U.S. Chamber Speaks Out Against Noncompete Ban
Noncompete agreements have been a hot topic lately, and your Cheyenne Chamber has been monitoring the battle between business and the FTC on this issue. The U.S. Chamber has entered a court battle with the FTC over their proposed new rules.
The latest word from Susanne Clark, U.S. Chamber President:
It’s spring in an election year, and the Biden Administration’s regulatory ambitions are in full bloom. On April 24, the Federal Trade Commission became the latest to finalize a long-awaited rule—this one banning employment-based noncompete agreements. It’s one of some 2,500 regulatory actions the administration plans to act on by the end of its first term.
Like many of the rules, the FTC’s blanket ban on noncompetes defies its agency’s constitutional and statutory authority, shifting power from Congress and into the hands of three unelected commissioners. The FTC only has the authority to identify specific, individual instances of unfair competition on a case-by-case basis, but Chairwoman Lina Khan has decried this approach as “whack-a-mole” and pledged instead to lay down prescriptive, often one-size-fits-all rules, without letting the Constitution stand in her way.
The U.S. Chamber of Commerce filed a lawsuit to challenge the FTC’s rule. One doesn’t have to imagine what the agency would do next if the ban is allowed to stand. In a 2022 policy statement that dramatically reinterpreted its authority to govern “unfair methods of competition,” the FTC laid out its intentions to target a litany of other actions that businesses take to remain competitive, from loyalty rebates to entire classes of mergers and acquisitions.

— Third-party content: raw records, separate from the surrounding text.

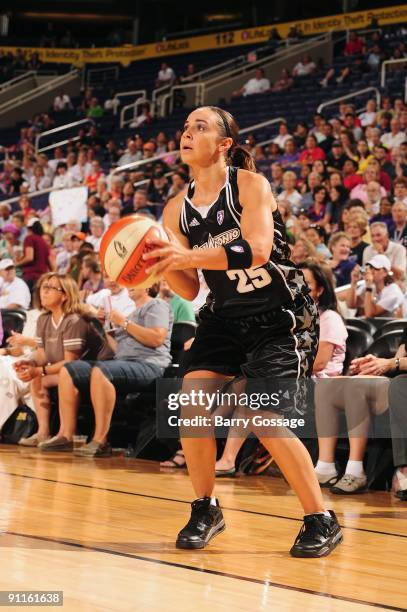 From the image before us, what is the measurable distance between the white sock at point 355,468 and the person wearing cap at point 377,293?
191cm

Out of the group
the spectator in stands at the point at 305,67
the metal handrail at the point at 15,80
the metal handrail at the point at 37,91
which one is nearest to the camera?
the spectator in stands at the point at 305,67

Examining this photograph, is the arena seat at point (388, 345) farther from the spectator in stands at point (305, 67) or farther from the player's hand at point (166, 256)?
the spectator in stands at point (305, 67)

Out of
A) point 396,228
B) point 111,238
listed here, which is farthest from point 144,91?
point 111,238

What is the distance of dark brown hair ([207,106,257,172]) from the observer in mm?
4066

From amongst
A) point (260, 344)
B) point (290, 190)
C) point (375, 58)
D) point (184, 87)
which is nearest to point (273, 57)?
point (184, 87)

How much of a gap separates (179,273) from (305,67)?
17.0 metres

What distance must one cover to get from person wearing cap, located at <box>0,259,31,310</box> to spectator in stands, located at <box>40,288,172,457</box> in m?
3.25

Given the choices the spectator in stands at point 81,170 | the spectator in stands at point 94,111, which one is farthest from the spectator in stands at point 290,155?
the spectator in stands at point 94,111

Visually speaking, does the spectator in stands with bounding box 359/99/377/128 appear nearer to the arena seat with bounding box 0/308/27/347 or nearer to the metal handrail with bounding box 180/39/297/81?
the arena seat with bounding box 0/308/27/347

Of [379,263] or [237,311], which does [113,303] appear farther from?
[237,311]

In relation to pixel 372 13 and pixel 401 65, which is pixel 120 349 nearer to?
pixel 401 65

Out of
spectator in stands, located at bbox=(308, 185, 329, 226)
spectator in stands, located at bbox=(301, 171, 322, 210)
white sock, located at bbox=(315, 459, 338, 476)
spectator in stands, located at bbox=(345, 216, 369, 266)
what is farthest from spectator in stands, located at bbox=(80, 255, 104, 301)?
spectator in stands, located at bbox=(301, 171, 322, 210)

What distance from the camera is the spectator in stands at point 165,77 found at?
23.5 metres

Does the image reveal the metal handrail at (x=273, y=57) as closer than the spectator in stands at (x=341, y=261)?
No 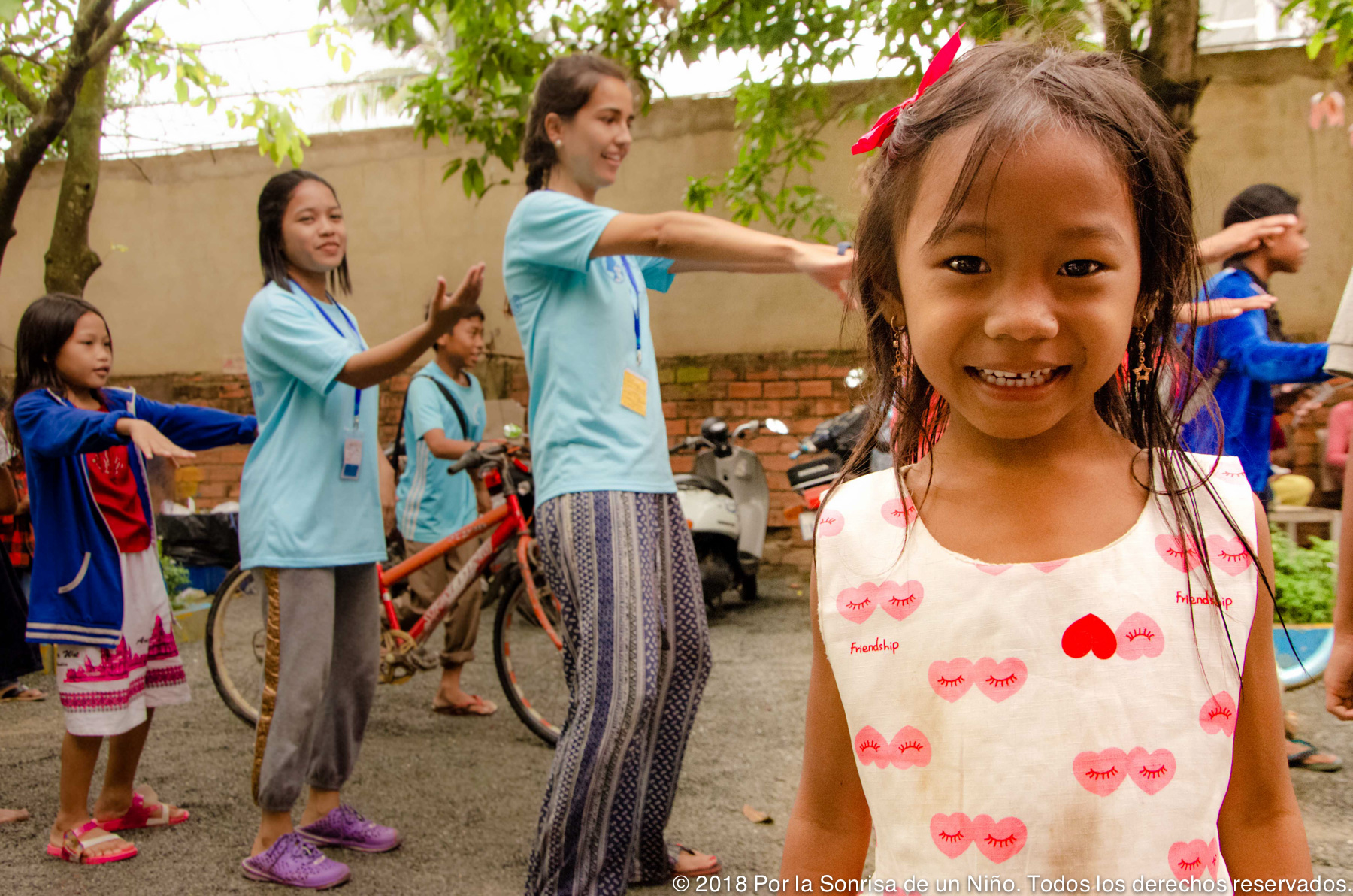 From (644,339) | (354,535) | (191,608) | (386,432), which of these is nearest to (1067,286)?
(644,339)

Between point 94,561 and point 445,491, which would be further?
point 445,491

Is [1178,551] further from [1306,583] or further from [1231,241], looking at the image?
[1306,583]

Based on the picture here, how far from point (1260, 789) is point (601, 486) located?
1.52m

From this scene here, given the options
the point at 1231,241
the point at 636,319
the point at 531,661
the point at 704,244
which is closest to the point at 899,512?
the point at 704,244

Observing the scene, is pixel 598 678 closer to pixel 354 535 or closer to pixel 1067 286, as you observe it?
pixel 354 535

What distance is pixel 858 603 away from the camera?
1.05 meters

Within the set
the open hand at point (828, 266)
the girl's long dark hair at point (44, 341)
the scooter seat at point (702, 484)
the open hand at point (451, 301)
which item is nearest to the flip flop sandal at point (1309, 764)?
the open hand at point (828, 266)

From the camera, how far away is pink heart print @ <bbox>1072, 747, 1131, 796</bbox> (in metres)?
0.94

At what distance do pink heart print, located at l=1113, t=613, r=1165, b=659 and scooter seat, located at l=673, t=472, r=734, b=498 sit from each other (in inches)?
207

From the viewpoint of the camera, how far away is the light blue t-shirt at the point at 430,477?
4789 mm

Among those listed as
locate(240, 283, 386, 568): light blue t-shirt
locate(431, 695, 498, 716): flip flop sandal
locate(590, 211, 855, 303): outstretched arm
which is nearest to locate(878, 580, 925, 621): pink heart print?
locate(590, 211, 855, 303): outstretched arm

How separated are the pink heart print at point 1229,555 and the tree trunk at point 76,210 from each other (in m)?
5.52

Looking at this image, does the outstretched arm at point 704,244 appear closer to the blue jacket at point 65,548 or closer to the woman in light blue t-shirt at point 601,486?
the woman in light blue t-shirt at point 601,486

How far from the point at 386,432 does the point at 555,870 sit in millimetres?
6872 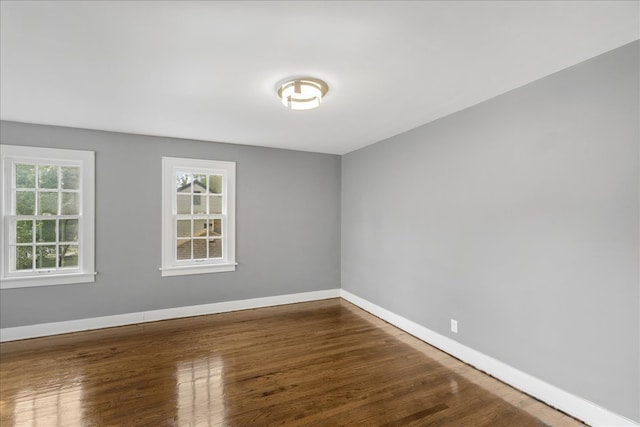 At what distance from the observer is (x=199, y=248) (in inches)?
171

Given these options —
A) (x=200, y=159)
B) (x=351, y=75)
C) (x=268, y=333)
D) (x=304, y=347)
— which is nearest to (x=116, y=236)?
(x=200, y=159)

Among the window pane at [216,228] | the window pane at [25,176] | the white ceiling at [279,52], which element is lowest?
the window pane at [216,228]

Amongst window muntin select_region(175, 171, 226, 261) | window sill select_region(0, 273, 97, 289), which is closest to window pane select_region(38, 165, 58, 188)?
window sill select_region(0, 273, 97, 289)

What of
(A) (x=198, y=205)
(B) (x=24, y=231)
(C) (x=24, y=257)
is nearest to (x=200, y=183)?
(A) (x=198, y=205)

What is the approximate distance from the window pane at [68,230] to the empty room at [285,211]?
0.08 feet

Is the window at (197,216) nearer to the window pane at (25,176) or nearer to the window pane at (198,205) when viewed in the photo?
the window pane at (198,205)

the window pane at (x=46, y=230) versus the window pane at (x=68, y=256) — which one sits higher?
the window pane at (x=46, y=230)

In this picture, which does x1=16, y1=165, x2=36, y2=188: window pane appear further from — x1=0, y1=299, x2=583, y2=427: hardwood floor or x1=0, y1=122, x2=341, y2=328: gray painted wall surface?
x1=0, y1=299, x2=583, y2=427: hardwood floor

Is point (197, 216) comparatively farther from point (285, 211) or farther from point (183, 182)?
point (285, 211)

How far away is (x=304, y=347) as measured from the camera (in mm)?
3225

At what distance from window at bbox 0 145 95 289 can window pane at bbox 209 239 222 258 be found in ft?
4.55

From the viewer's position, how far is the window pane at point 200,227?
14.1 feet

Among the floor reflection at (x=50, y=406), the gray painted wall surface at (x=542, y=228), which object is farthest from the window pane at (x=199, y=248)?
the gray painted wall surface at (x=542, y=228)

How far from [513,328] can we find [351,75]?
2.45m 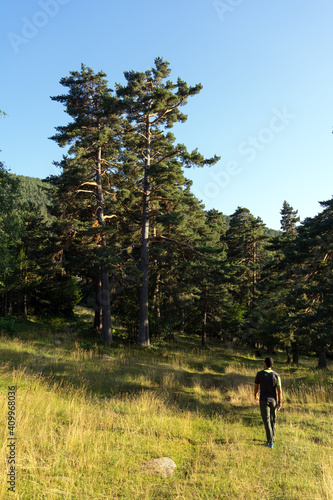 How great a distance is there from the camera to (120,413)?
22.2 feet

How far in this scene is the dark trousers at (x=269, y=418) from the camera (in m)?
6.13

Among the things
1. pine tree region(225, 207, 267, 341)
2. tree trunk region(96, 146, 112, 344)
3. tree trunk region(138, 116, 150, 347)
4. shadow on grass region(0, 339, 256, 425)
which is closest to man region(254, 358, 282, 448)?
shadow on grass region(0, 339, 256, 425)

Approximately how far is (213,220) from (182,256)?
24631 millimetres

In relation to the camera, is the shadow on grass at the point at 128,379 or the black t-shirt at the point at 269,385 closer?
the black t-shirt at the point at 269,385

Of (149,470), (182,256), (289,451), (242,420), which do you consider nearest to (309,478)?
(289,451)

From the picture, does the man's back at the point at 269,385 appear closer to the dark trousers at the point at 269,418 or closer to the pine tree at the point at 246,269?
the dark trousers at the point at 269,418

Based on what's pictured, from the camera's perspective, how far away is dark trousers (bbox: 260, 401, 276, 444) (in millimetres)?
6133

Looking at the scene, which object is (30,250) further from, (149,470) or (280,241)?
(149,470)

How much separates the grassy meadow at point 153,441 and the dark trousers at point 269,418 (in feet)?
0.78

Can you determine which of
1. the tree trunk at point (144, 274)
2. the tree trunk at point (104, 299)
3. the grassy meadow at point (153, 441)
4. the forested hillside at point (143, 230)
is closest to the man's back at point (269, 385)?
the grassy meadow at point (153, 441)

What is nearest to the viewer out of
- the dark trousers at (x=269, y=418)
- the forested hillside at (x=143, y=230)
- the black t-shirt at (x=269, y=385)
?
the dark trousers at (x=269, y=418)

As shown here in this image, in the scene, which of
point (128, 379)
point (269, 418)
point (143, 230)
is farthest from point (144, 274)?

The Chamber’s lawsuit against the FTC is our latest effort to challenge the Administration’s aggressive campaign to micromanage business decisions. It follows our victories against the Securities and Exchange Commission over its stock buyback rule, the National Labor Relations Board over its joint-employer rule, and the Consumer Financial Protection Bureau over its rule on “Unfair, Deceptive, or Abusive Acts or Practices.”
In each instance, the courts agreed that the agency in question had exceeded its rulemaking authority, but this hasn’t stopped agencies from continuing to impose ideological mandates.
Examples abound. The SEC is wading into climate regulation by micromanaging environmental impact disclosures. The Occupational Safety and Health Administration has proposed a rule to enable union organizers, activists, and others to enter workplaces under the guise of “assisting” OSHA inspectors. An FTC rule targeting “unfair and deceptive fees” would threaten entire business models that incorporate variable or dynamic pricing.
Every rule is couched in the typical boilerplate about consumer and worker protection, but it’s a thin disguise for the real purpose: establishing sweeping new powers that can be weaponized whenever and against whomever these agencies choose. The thesis behind the power grab is that government knows better than markets, which is a costly idea for every American—consumers and workers included.
Through the end of last year, the Biden administration had imposed $447 billion in net regulatory costs on the economy,[i] and this sum pales in comparison to the $616 billion already proposed for 2024. These costs are borne by businesses of every size, though smaller firms struggle most, and they are unavoidably passed to consumers in the form of higher prices and reduced economic growth. Glenn Hubbard argued recently in The Wall Street Journal how the assault on growth hurts every aspect of society, from individual livelihoods to public finances.
The business community has rightly decried overregulation for years, prompting some critics to accuse us of crying wolf. Today, there’s no question that the wolf is here. The regulatory agencies are redefining the relationship between business and government without heed to elected representatives or the Constitution. The U.S. Chamber will see these agencies in court.